# How long do artichokes last in the fridge?



## Caslon (Aug 1, 2017)

I saw a 2 for 1 deal on large artichokes. Two for $5.  I WAS gonna buy 2, but thought the other wouldn't last that long, so I only bought one.  Just how long do artichokes last in the fridge? I probably could have bought  the 2 for $5 deal.

Does anyone besides me not care for canned or jarred artichoke hearts?


----------



## Steve Kroll (Aug 1, 2017)

Despite the fact I've read you should use fresh artichokes within a week, I've had them last as long as 3 weeks, give or take.


----------



## CraigC (Aug 1, 2017)

Caslon said:


> I saw a 2 for 1 deal on large artichokes. Two for $5.  I WAS gonna buy 2, but thought the other wouldn't last that long, so I only bought one.  Just how long do artichokes last in the fridge? I probably could have bought  the 2 for $5 deal.
> 
> Does anyone besides me not care for canned or jarred artichoke hearts?

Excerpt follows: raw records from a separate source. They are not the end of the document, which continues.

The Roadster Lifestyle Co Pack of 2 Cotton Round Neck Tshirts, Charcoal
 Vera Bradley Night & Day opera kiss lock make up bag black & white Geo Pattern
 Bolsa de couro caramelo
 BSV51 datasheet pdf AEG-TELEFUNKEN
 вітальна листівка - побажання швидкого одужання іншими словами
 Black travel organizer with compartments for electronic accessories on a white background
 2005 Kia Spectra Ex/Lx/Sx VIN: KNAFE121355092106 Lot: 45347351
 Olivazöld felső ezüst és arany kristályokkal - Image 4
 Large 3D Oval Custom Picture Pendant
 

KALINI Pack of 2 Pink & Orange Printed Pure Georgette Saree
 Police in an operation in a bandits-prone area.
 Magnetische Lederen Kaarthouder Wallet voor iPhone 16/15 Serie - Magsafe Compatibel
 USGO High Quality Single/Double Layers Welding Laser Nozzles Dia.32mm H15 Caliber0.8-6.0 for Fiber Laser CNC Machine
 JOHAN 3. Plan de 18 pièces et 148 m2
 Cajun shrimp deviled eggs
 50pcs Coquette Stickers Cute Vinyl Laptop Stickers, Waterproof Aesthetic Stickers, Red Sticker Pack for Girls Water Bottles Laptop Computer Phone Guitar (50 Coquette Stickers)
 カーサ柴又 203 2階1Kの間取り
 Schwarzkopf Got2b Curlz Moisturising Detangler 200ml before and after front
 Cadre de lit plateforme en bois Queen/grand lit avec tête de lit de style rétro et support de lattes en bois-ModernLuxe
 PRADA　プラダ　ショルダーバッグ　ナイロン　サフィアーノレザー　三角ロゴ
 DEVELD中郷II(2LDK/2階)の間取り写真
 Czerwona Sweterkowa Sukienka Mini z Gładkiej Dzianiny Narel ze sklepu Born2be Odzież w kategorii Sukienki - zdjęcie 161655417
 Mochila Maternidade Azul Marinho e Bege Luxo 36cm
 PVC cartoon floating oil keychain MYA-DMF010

Were they "tight" or already getting loose?


----------



## Kayelle (Aug 2, 2017)

Caslon, we enjoy cold cooked artichokes as much as hot ones so if they're on sale I cook more than needed. They make a great cold lunch! They are best cooked as soon as possible in my opinion. The best ones I've ever had were cut out of the field and cooked that night. Think corn..don't leave them laying around.


----------



## EatingTO (Aug 2, 2017)

If you keep them refrigerated and sealed up they should last you a little more than a week.


----------